SHANGHAI, May 23 (Reuters) German Chancellor Angela Merkel today toured the Shanghai control room of a high-speed train that showcases German magnetic levitation technology, touting cooperation with China but voicing concern about patent piracy.

Merkel's two-day visit to China was due to conclude with a ride to the airport on Shanghai's ''Maglev'' train after talks with the commercial hub's mayor, an address to business leaders and a meeting with a former dissident Catholic bishop.

The train ride was scheduled despite the failure of German and Chinese negotiators to agree on a deal to extend the line from Shanghai 180 km southwest to the city of Hangzhou, officials travelling with Merkel said.

Talks had run on into the early hours of yesterday morning, the officials said, adding that they were still hopeful of an accord by the end of the year.

Senior Chinese foreign ministry officials even came to the German delegation's hotel in Beijing to try to clinch a deal before Merkel's meetings with President Hu Jintao and Premier Wen Jiabao, according to German sources.

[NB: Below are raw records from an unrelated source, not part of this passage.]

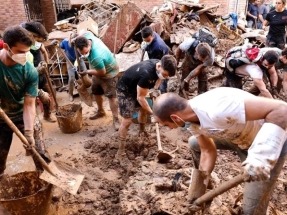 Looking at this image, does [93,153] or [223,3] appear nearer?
[93,153]

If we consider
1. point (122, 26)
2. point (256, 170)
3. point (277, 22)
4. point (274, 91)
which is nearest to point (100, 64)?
point (122, 26)

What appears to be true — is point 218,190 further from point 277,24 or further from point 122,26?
point 122,26

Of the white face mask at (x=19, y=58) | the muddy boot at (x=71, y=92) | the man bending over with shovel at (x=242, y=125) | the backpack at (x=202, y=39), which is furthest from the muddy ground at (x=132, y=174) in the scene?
the white face mask at (x=19, y=58)

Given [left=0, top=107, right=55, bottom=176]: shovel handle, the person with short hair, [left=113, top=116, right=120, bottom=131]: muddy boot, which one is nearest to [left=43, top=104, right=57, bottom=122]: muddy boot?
the person with short hair

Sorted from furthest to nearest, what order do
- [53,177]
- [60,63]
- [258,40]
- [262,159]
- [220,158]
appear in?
1. [258,40]
2. [60,63]
3. [220,158]
4. [53,177]
5. [262,159]

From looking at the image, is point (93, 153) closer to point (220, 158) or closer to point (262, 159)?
point (220, 158)

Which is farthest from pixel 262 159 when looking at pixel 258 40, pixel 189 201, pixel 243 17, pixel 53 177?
pixel 243 17

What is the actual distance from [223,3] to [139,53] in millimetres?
4926

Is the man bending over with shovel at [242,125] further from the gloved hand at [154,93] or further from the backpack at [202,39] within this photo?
the backpack at [202,39]

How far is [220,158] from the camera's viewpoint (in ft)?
15.0

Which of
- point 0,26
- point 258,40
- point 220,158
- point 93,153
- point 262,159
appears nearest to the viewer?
point 262,159

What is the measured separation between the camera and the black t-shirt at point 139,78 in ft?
13.8

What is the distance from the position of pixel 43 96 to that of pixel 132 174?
236cm

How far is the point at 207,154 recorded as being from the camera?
2852 millimetres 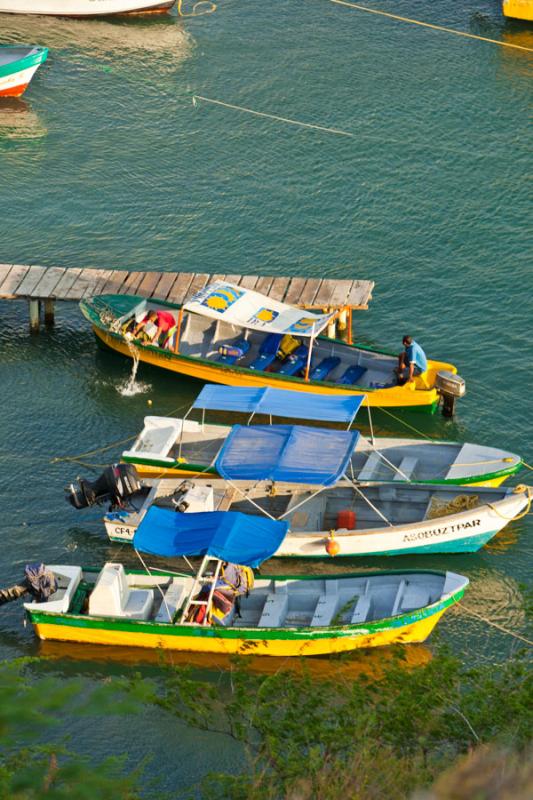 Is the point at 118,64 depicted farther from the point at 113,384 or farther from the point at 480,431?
the point at 480,431

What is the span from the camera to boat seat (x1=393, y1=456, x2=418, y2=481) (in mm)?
32688

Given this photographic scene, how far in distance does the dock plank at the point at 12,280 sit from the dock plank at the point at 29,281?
5.5 inches

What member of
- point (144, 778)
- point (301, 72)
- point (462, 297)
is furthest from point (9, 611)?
point (301, 72)

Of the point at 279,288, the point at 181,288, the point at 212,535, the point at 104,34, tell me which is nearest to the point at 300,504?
the point at 212,535

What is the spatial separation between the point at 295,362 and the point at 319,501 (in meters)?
6.13

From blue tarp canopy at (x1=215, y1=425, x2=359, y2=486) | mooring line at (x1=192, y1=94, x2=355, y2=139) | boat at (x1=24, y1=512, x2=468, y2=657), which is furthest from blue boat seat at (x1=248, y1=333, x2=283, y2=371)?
mooring line at (x1=192, y1=94, x2=355, y2=139)

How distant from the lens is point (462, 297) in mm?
42625

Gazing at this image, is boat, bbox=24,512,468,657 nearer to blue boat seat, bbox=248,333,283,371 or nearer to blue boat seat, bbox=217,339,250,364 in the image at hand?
blue boat seat, bbox=248,333,283,371

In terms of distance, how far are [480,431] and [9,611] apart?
15.1m

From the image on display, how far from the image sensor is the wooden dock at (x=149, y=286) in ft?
129

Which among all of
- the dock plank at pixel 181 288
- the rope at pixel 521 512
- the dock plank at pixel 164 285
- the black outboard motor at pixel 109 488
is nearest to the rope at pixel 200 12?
the dock plank at pixel 164 285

''They wanted to put us under time pressure so we would agree to sign for the cameras,'' one German official said.

China is seeking subsidies from Germany for the project and is insisting on a greater transfer of technology, but Germany turned down the demands, partly because of German companies' fears that their patented technology would be copied.

Merkel brought up piracy in talks with leaders yesterday.

As China develops, she told reporters after meeting Wen, ''China will also pay more attention to intellectual property rights''.

Merkel's visit comes after the German government sealed a coalition pact late last year to intensify dialogue with Beijing on democracy and human rights.

She raised the divisive issues of Iran and human rights at meetings in Beijing today, and on Tuesday she visited a church and met a bishop who spent about 27 years in jails and re-education camps.

China has clashed with the Vatican in recent weeks over its unilateral appointment of bishops. Beijing refuses to allow Catholics to recognise the authority of the Pope and insists that they belong to the state-backed Catholic Patriotic Association.

Merkel spoke in German for about 30 minutes with 91-year-old Bishop Aloysius Jin, who studied in Germany and Austria in his youth.

Jin was ordained over 20 years ago as bishop of the Shanghai diocese but, like other bishops at the time, the Vatican refused to recognise him. Later it did, and now Jin has contacts with the underground Catholic church, which is loyal to the Pope.

''I am a Protestant,'' Merkel told the bishop. Jin, smiling, replied: ''I know''.

After showing her round St Ignatius Cathedral, he took her by the hand and said: ''I will always pray for you''.

There are about 150,000 Catholics in Shanghai and more than 100 churches.